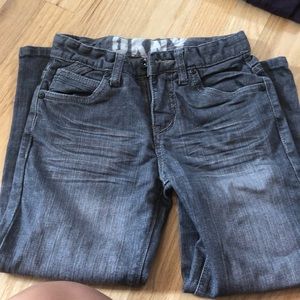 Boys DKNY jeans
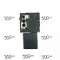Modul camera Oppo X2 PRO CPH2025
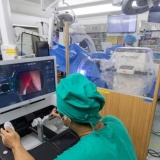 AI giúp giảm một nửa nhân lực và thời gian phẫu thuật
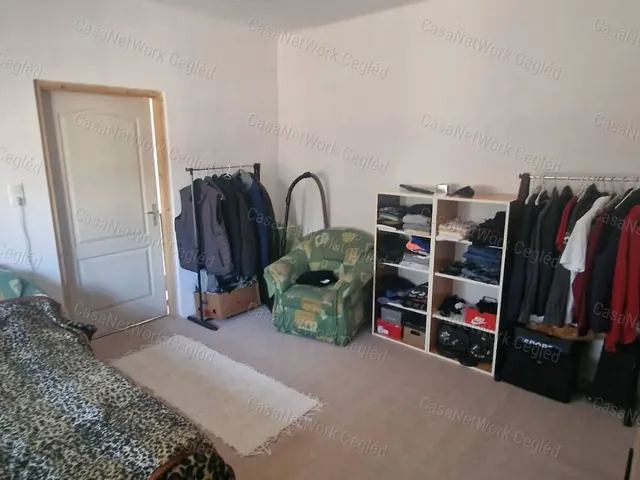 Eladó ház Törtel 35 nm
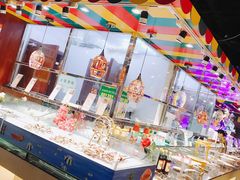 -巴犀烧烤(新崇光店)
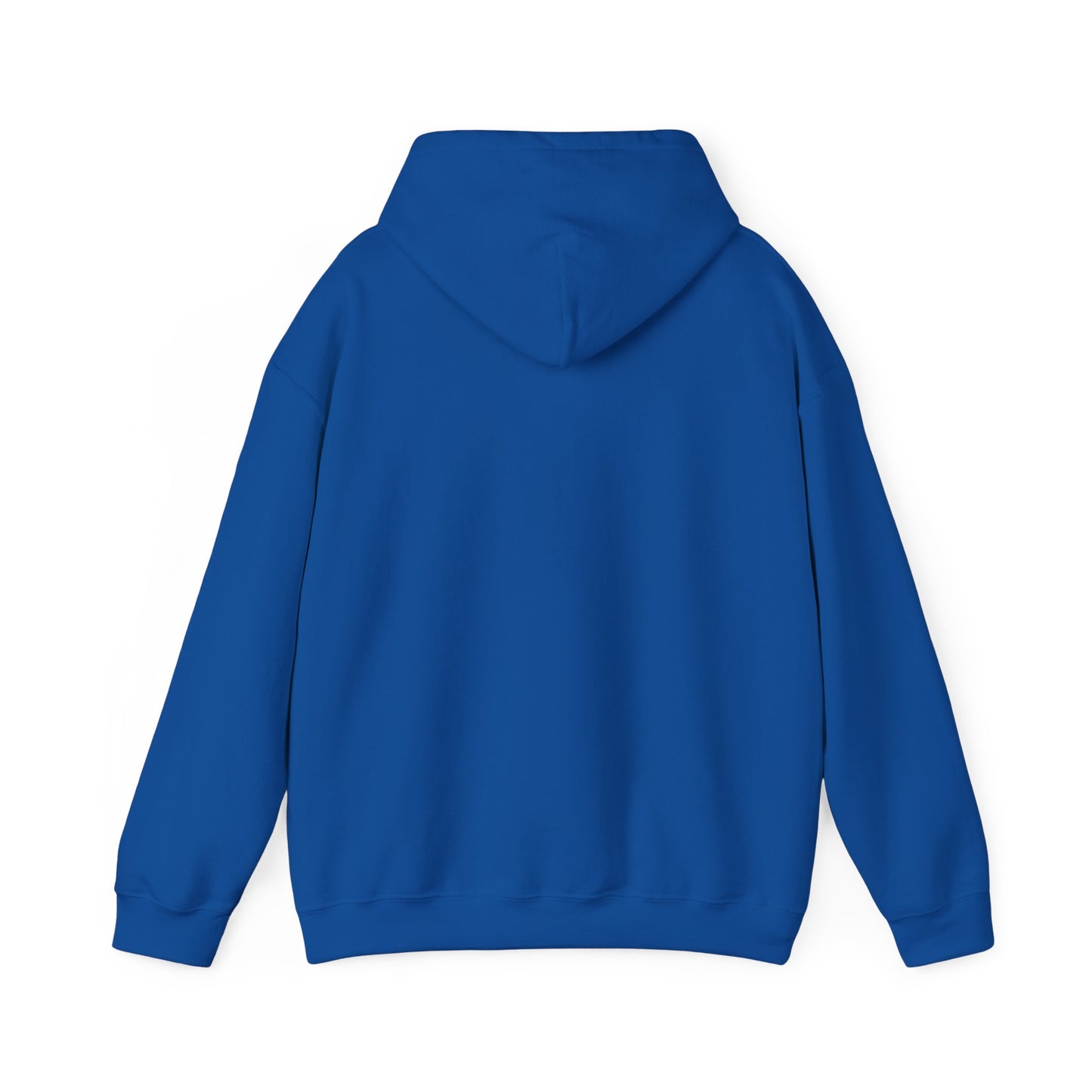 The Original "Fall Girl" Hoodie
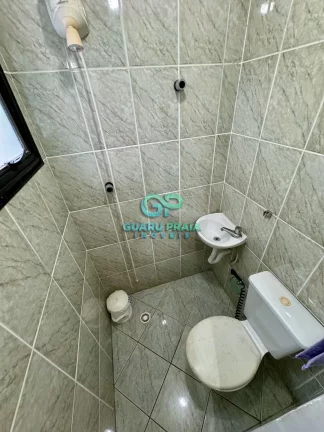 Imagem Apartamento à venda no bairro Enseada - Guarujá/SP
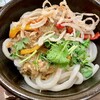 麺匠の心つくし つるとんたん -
****
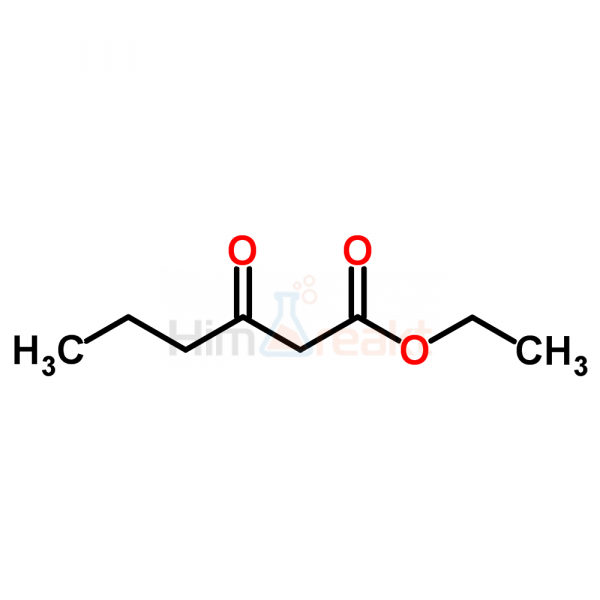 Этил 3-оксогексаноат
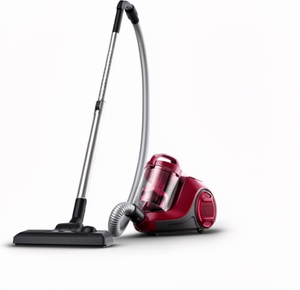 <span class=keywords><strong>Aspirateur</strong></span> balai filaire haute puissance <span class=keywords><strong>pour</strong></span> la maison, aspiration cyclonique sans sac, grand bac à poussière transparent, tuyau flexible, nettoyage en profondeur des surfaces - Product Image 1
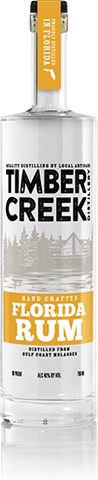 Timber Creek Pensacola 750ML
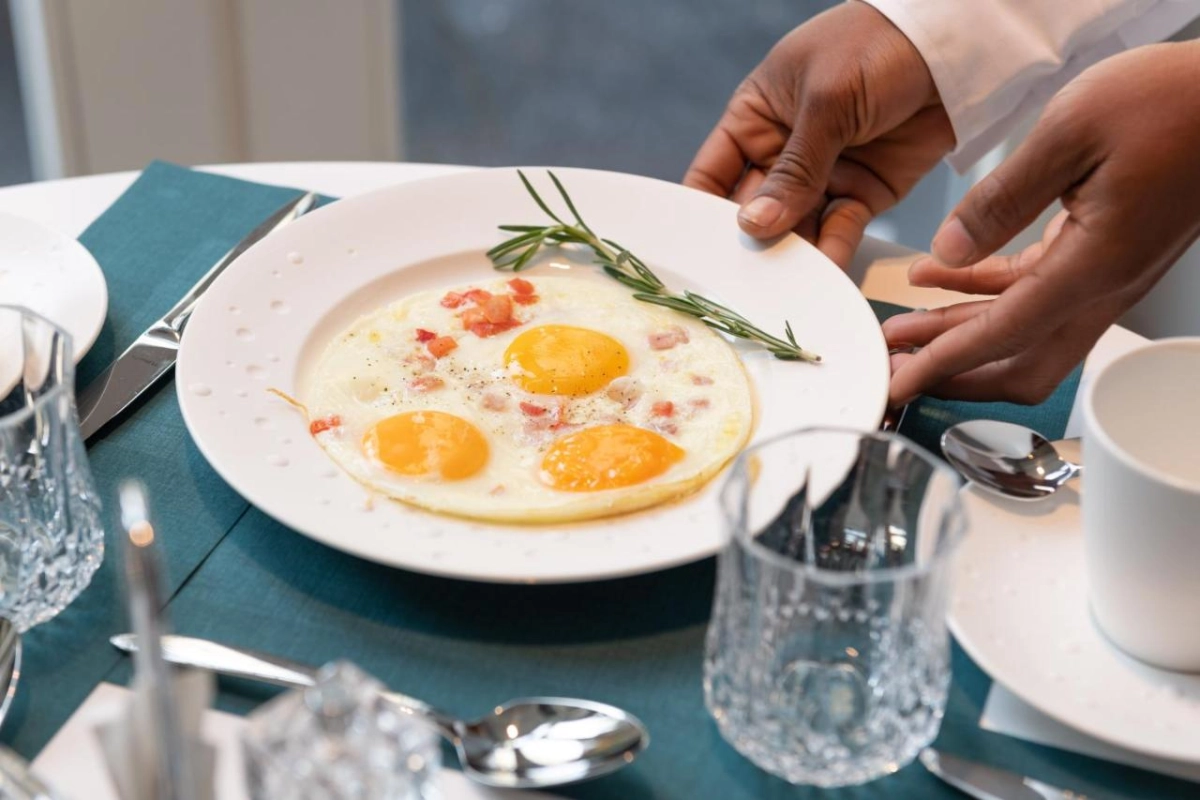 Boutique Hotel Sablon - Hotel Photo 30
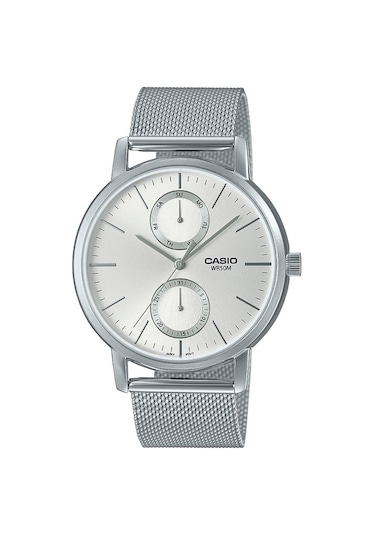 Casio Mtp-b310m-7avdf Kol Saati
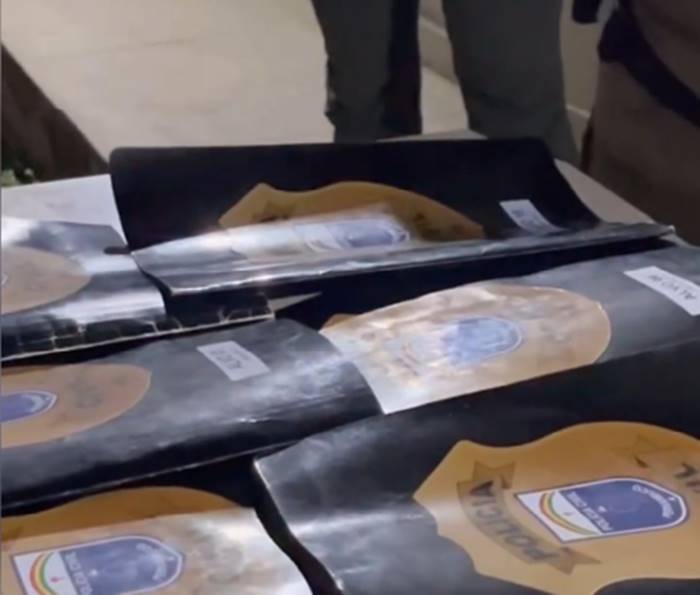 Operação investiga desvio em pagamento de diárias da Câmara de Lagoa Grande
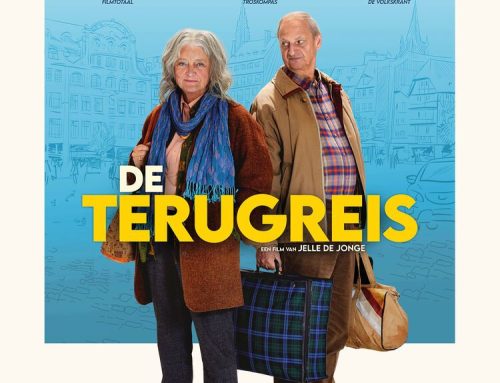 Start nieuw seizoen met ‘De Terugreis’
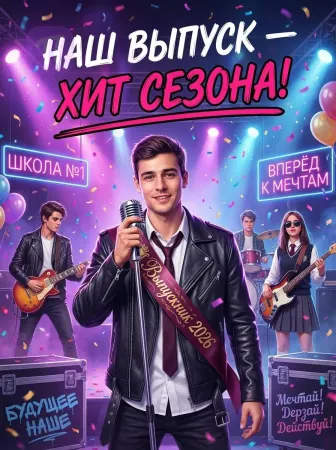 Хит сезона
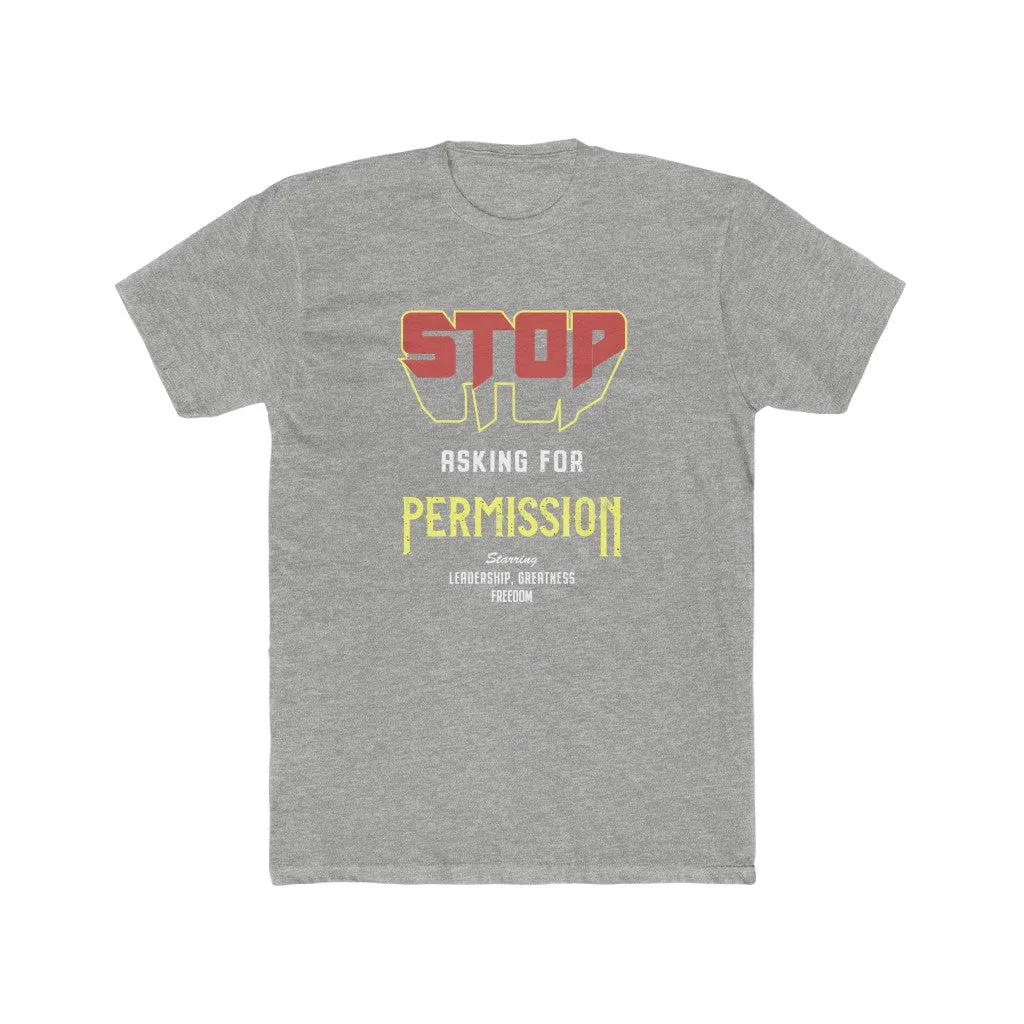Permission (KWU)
****
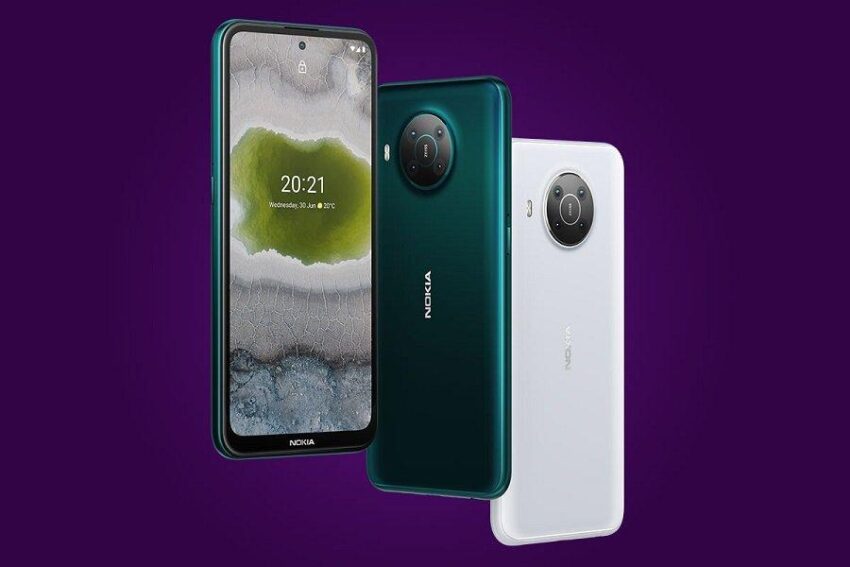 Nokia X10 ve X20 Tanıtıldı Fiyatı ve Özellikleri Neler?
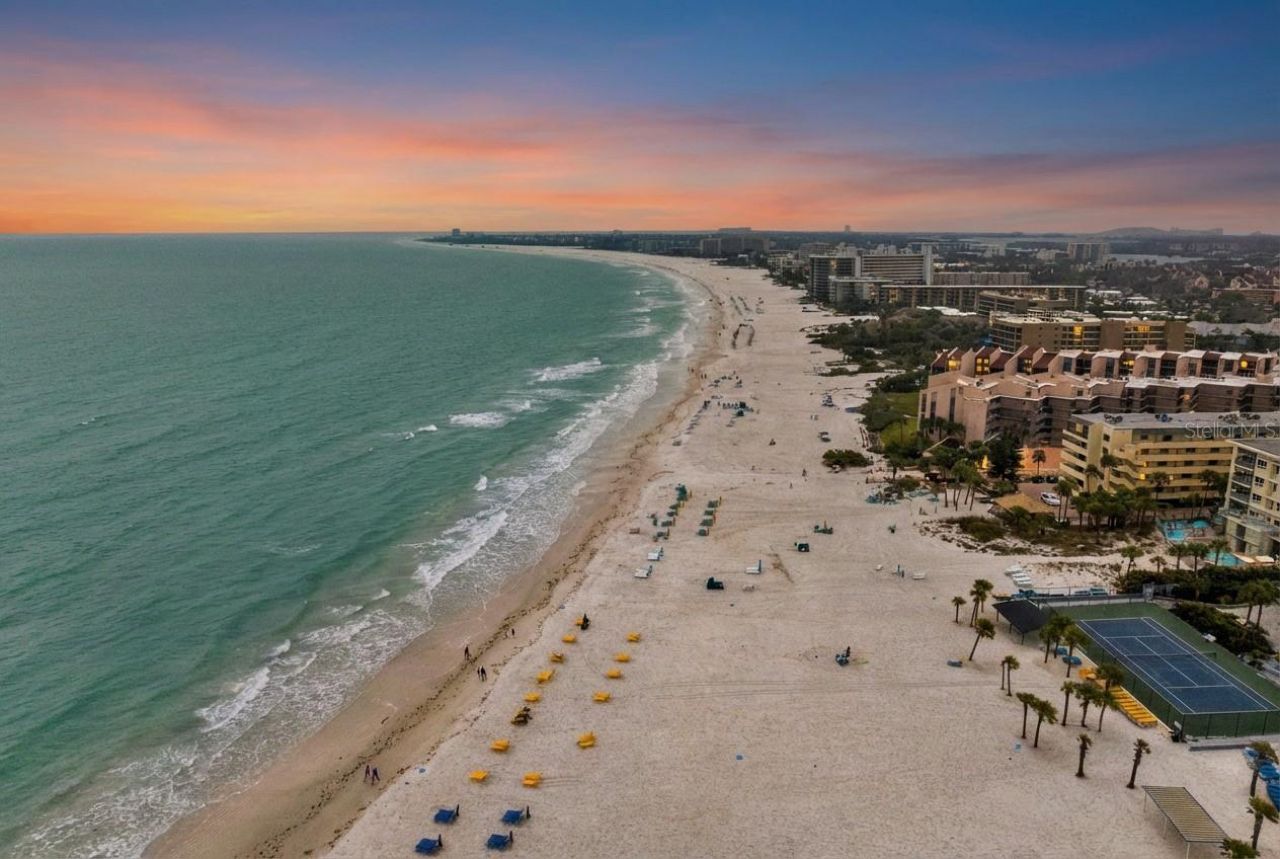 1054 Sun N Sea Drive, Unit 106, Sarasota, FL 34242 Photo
****
# [Problem to solve]
Output exactly the lines above, beginning at the one with "Operação investiga desvio" and stopping after the one with "Permission (KWU)". Pictures are to be omitted.

# [Task solution]
 Operação investiga desvio em pagamento de diárias da Câmara de Lagoa Grande
 Start nieuw seizoen met ‘De Terugreis’
 Хит сезона
Permission (KWU)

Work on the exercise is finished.